In the past 24 hours, I have done the following:
-Hosted a few friends for drinks while we got ready for the evening
-Donned the Dorothy and Toto costumes one final time
-Rocked out at Soul Friday and the Saloon
-Post-bar, sat around a full dining room table, gobbling chips and chatting until 3:45 am
-Woke up six hours later, bright-eyed and bushy tailed
-Debriefed about the night with my roommate
-Met three lovely ladies for a run around Lake Calhoun
-Spent time with my parents at Minnehaha Falls
-Headed to Uptown to gather up some stuff I'd left at Chateau Fremont
-Walked a dog that a friend is baby-sitting for the weekend
-Skipped over to another friend's house to chat for a couple of hours
Now, it's 8 pm on Saturday night, and I'm sitting alone
in my apartment eating Vietnamese take-out and taking it back about 12
notches. Normally, being by myself at home on a Saturday night would be
tortuous and I'd feel lonely and bored. But tonight I'm deliberately choosing
it. Not just because I'm tired (which I am) but because I'm consciously
recognizing that it's okay to do this.
Our culture might beg to differ. Our culture validates
busy. Our culture equates busy with success and popularity. Our
culture (or is it just my internal compass, that I'm projecting on
"culture?") tells us that if we're not busy, we should feel lonely.

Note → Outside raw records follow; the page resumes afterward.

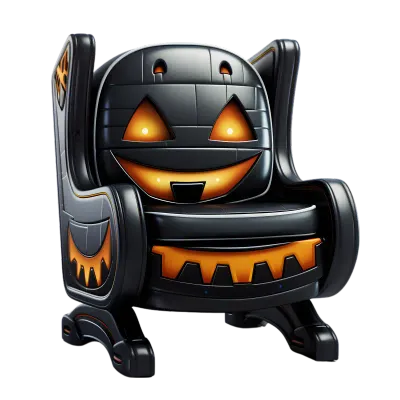 Halloween chair realistic,  Halloween chairVector ,   Halloween chairCartoon ,  Halloween chair
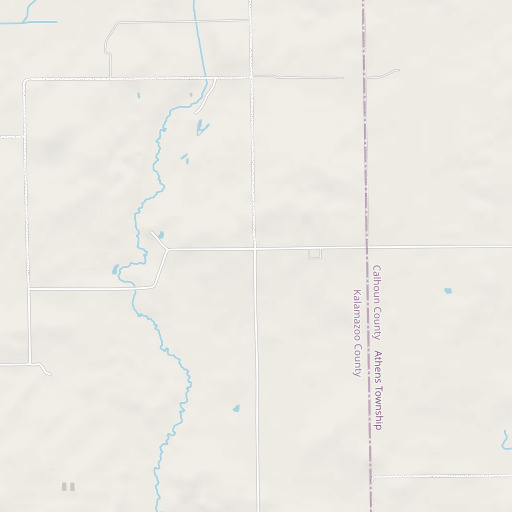 OpenStreetMap map of Lynn School, MI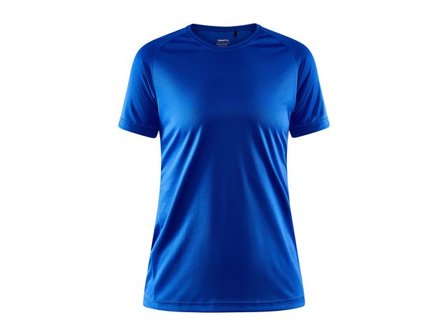 CRAFT Tränings tee CORE dam blå XL - Lyreco - Yrkeskläder - Tröjor och Sweatshirts - Funktion och träning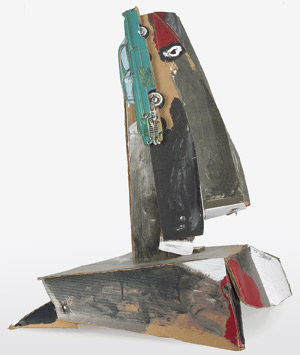 Lot 7541, Auction  105, Vostell, Wolf, AutoBetonBrunnen (Cadillacbrunnen)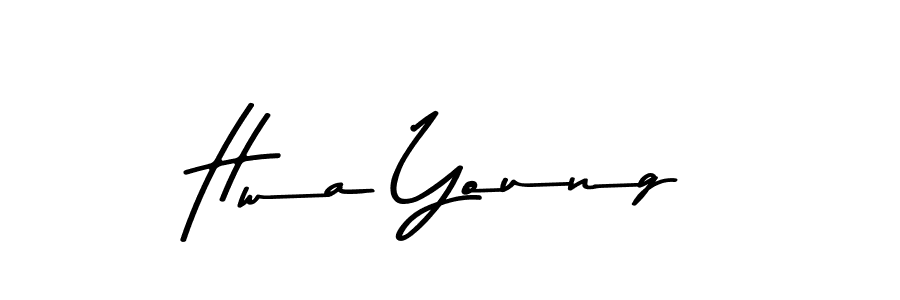 You can use this online signature creator to create a handwritten signature for the name Hwa Young. This is the best online autograph maker. Hwa Young signature style 9 images and pictures png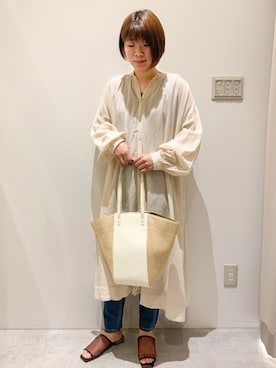 mrimri9994さん（レディース・159cm）の春コーディネート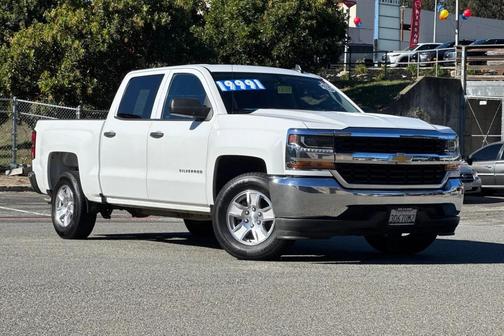 2018 Chevrolet Silverado 1500 LS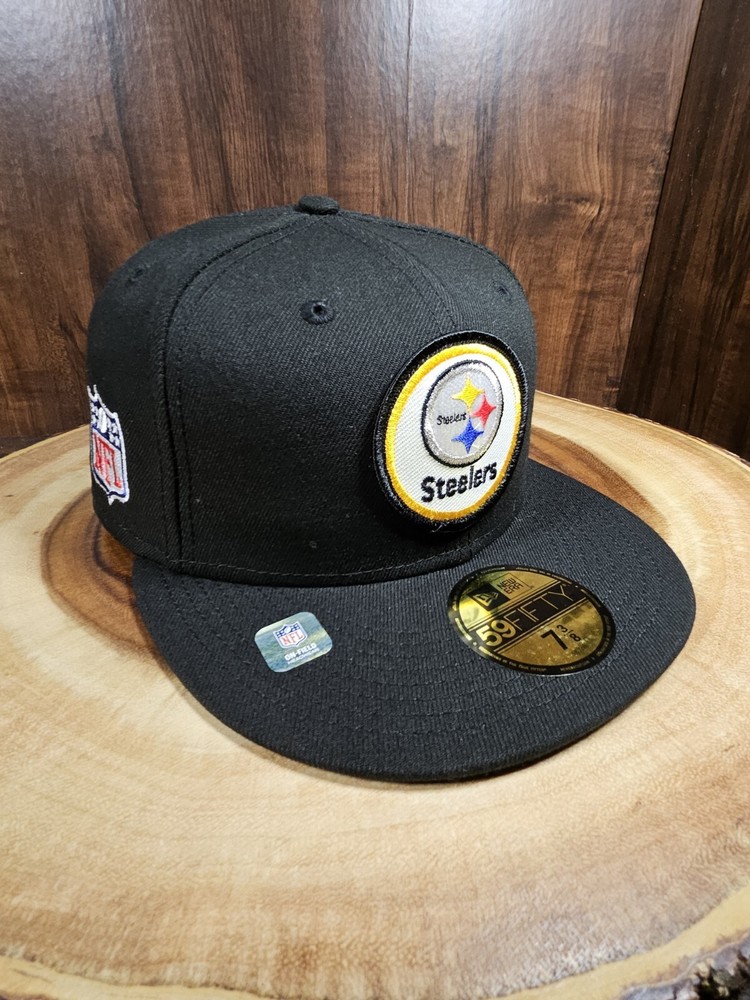 Pittsburgh Steelers NFL 59Fifty Fitted Cap Size 7 3/8 AFC Shield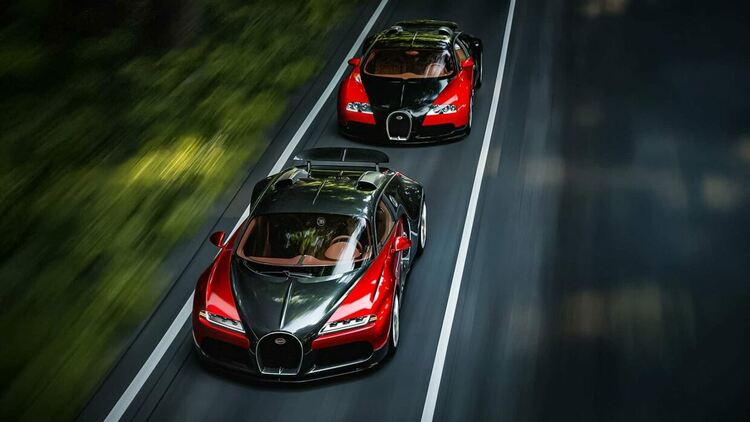 Bugatti Veyron се завръща като FKP Hommage с 1600 конски сили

I get a lot of validity from my lifestyle. People often
remark about the breadth, depth, and girth of my social calendar in a
way that vacillates between envy and judgement. I'm proud of my social
stamina.
So tonight I am valuing myself and my own company. And I know that being by myself, even on a Saturday night, doesn't mean that I am alone in a larger sense. Busy can be a burden when it interferes with our own self-worth. So, tonight - at least for a few hours - I'm telling myself, "Don't let it."
Whatever it is that you're getting your validity and pride from: your job, your children, your sport, your body, or your social calendar.... those are all good, worthwhile things. But none of them are really where self-worth should come from. Tonight, for me, is about recognizing that.